> MATERIAL PROVIDED:
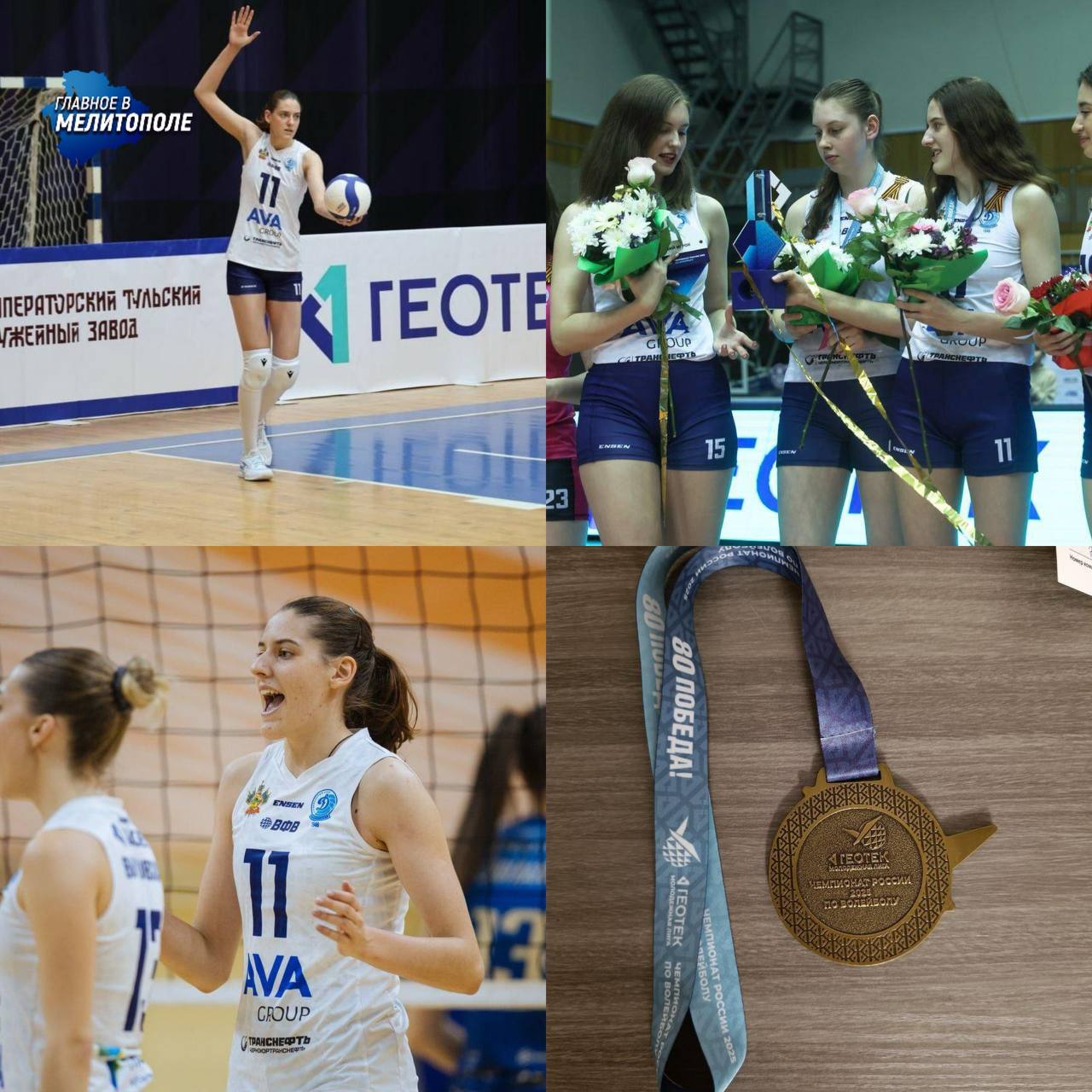 Волейболистка из Энергодара завоевала золото на Чемпионате России Вера Бойко, воспитанница энергодарской школы волейбола выступила в составе команды «Динамо»-РЦСП Краснодар. Чемпионка внесла значительный вклад в завоевание золота на Чемпионате России по волейболу среди команд Молодежной лиги, показав мастерство и упорство к победе.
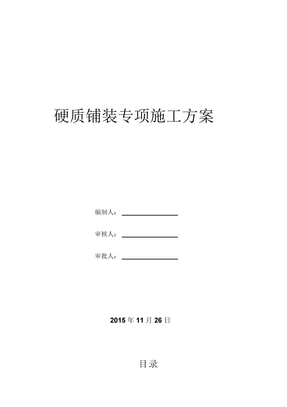 石材铺装专项施工方案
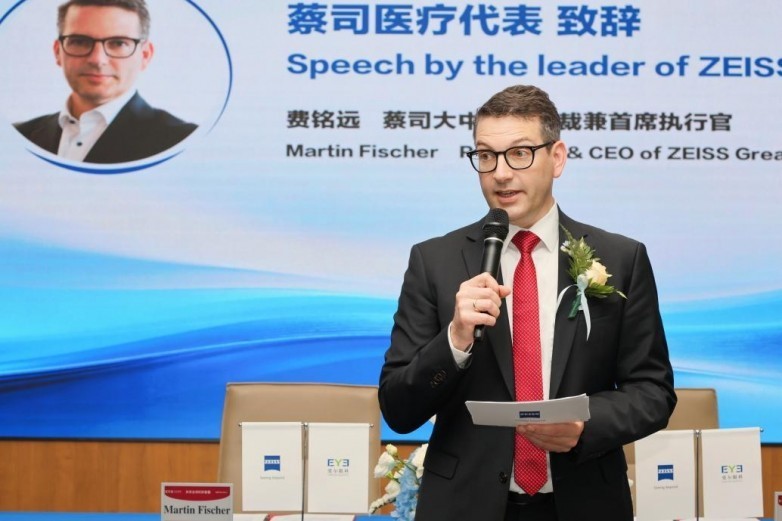 2026“三大里程碑”见证——爱尔眼科携手蔡司医疗,从“服务中国”走向“智领全球”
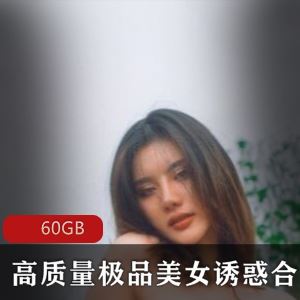 虎牙宅男圈私藏精品美人大合集60GB大量太丰满了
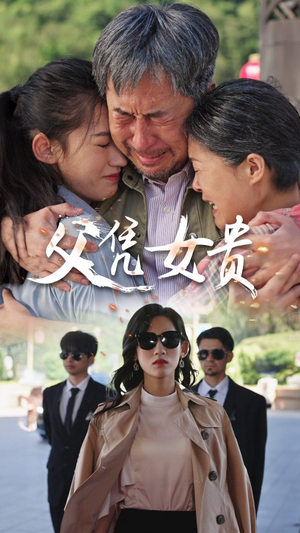 父凭女贵(57集) 父凭女贵(57集)短剧更新抢先看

> WHAT THE TASK ASKS:
Print the records again exactly, without the pictures.

> REPLY TO THE TASK:
 Волейболистка из Энергодара завоевала золото на Чемпионате России Вера Бойко, воспитанница энергодарской школы волейбола выступила в составе команды «Динамо»-РЦСП Краснодар. Чемпионка внесла значительный вклад в завоевание золота на Чемпионате России по волейболу среди команд Молодежной лиги, показав мастерство и упорство к победе.
 石材铺装专项施工方案
 2026“三大里程碑”见证——爱尔眼科携手蔡司医疗,从“服务中国”走向“智领全球”
 虎牙宅男圈私藏精品美人大合集60GB大量太丰满了
 父凭女贵(57集) 父凭女贵(57集)短剧更新抢先看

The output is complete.